September 13, 2012: The government has agreed to resume sending the northern Kurdish provinces their share of the national oil income and the Kurds will not increase their oil shipments to Turkey. This is a compromise, which slows down the Kurd effort to create an oil production business separate from the one controlled by the Iraqi government.

In an effort to force Turkey to turn over fugitive Iraqi politician Tariq al Hashimi, Iraq has halted new Turkish businesses from being established in Iraq. When the Turkish government protested, the Iraqis said it wasn't really about Hashimi, but administrative problems.

September 9, 2012: A court in Baghdad sentenced Sunni Arab vice president Tariq al Hashimi to death for organizing over 100 terror attacks from 2005 to 2011. The Hashimi trial appeared to be more for show than an effort to determine true guilt or innocence. Last December Hashimi was first accused of running a death squad and other terrorist activities. In response, Hashimi fled the country while 73 of his employees and followers were arrested. Many confessed that their group committed 150 assassinations and bomb attacks over the last three years. Since then Hashimi has received asylum in Turkey, which is, for the moment, ignoring an Interpol arrest warrant. This has caused anti-Turk demonstrations in Iraq but not in the Kurdish north, where a lot of the investments in new businesses have come from Turkey. The Turks and their money are welcome in the Kurdish north.

The Iraqi Sunnis have always been a minority (about 15 percent) in what is now (since the 1930s) Iraq. This Sunni minority has (except for short periods when Iranian troops occupied the region) ruled this area for centuries. The Sunnis lost control in 2003, when the Americans and British invaded. A democracy (which Sunni radicals consider un-Islamic) was established and the Shia majority took over for the first time in centuries. Many Sunnis believe it's only a matter of time before they regain control from the Shia majority (which most Sunnis despise) because that is the natural order of things. On a more practical level, the Sunnis miss having control of the oil income, most of which went to the Sunni minority. Since 2003, that has no longer been the case and the Sunnis are very angry about that, angry enough to support continued terrorism against the hated Shia majority. While Saudi Arabia and other Sunni states publically deplore this violence, the Iraqi Shia suspect that the Sunni foreigners are secretly supporting it. That is often true but unofficially by not cracking down on private citizens who support the Iraqi Sunni terrorists. Since 2003, thousands of Saudis have been killed or imprisoned in Iraq because of participation in terrorism against Iraqi Shia (or Sunnis who oppose terrorism). The Shia government could move more energetically against Sunni areas where terrorists operate from but it is feared this might trigger war with Sunni neighbors (especially Saudi Arabia and Turkey). So the government suffers the violence and tries to hunt down the terror groups as best it can. After all, the deaths from Sunni terrorism have declined over 90 percent since their peak five years ago. But that's still over a hundred dead a month.

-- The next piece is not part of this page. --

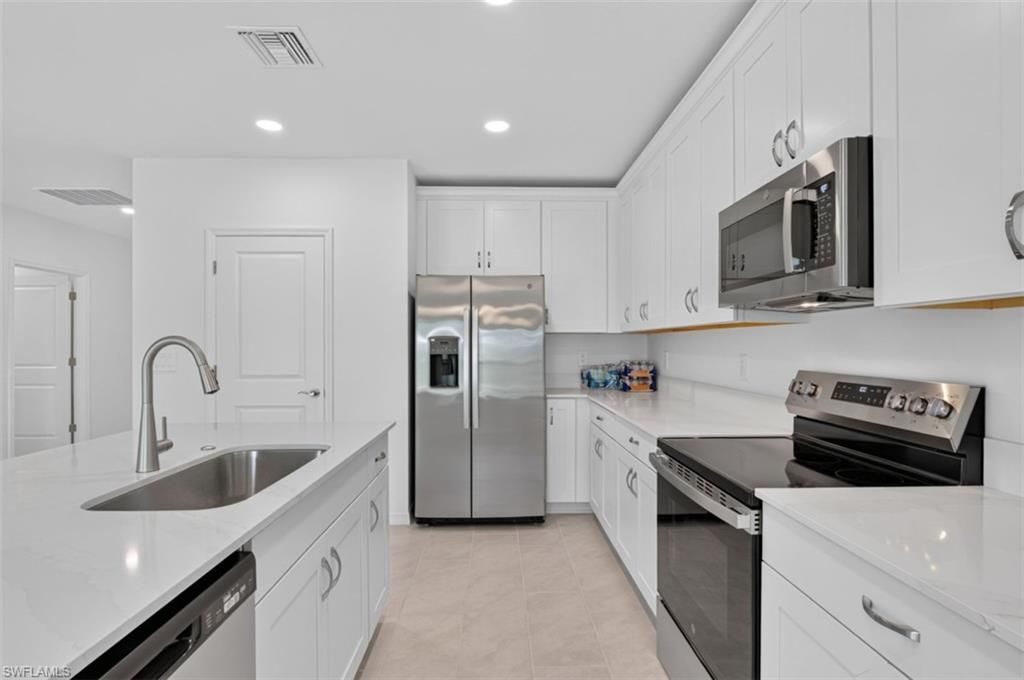 243 Lakeside Breeze Way , Lehigh Acres, FL 33936 Photo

In response to Hashimis death sentence, Islamic terror groups launched attacks in 13 towns and cities (mainly against Shia targets) that left 92 dead and 350 wounded.

September 8, 2012: Someone in Syria fired four rockets into the Iraqi border town of Al Qaim, killing a child. Fighting has been going on just across the border in Syria between troops and rebels.

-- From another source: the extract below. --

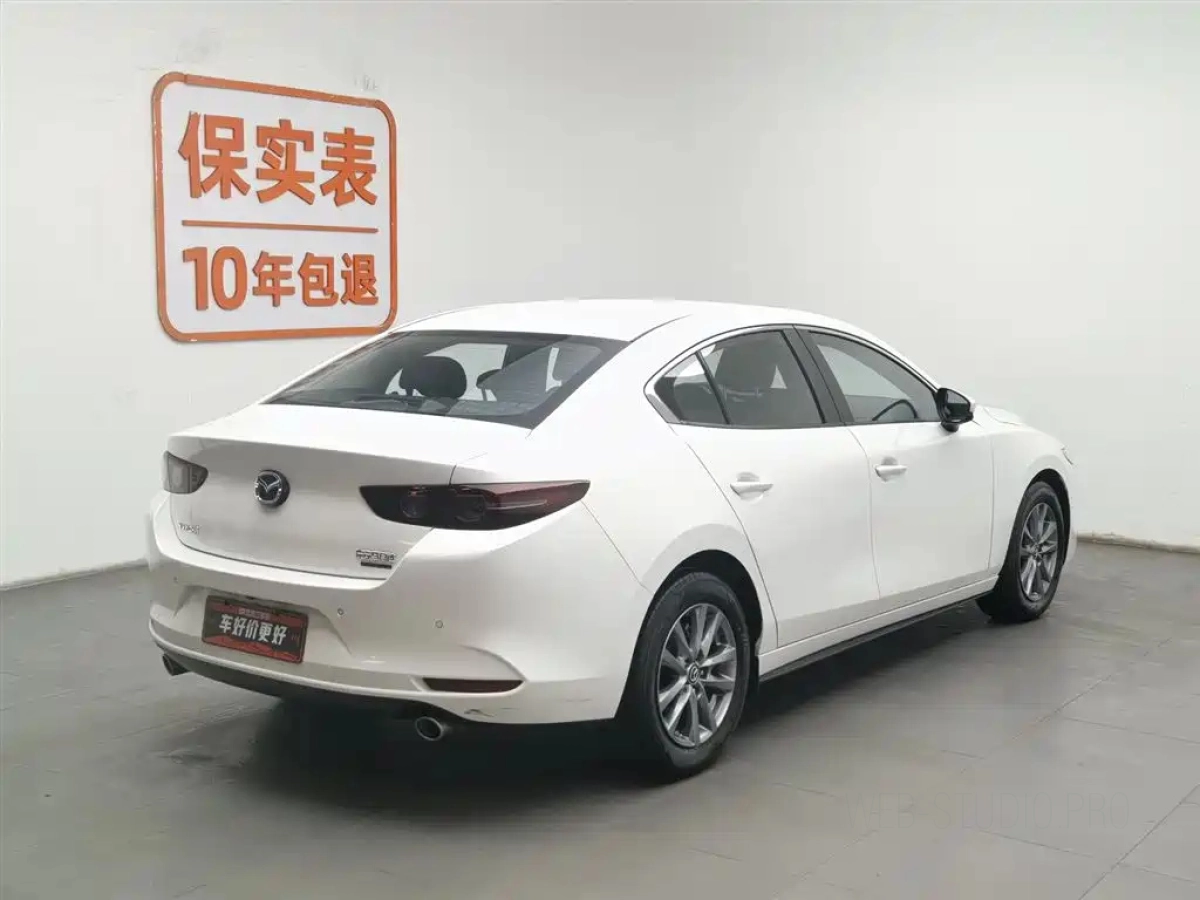 MAZDA 3 AXELA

September 7, 2012: Last month some 5,000 people died in Syria's civil war, which was greater than were killed in the Iraqi violence in 2006. This makes the Iraqi government very nervous because they consider the Sunni Arabs particularly bloody minded. They have ample of this inside Iraq, both before and after the Sunnis were deposed in 2003. The Iraqi Shia fear that a Sunni victory in the Syrian civil war will result in the new Sunni dominated government providing sanctuary for Iraqi Sunni terrorists. Such sanctuary was provided by the Shia minority government in Syria from 2003 on, because the Assad government there believed this would prevent the Sunni majority in Syria from rebelling. That worked for a while until two years ago, when it didn't.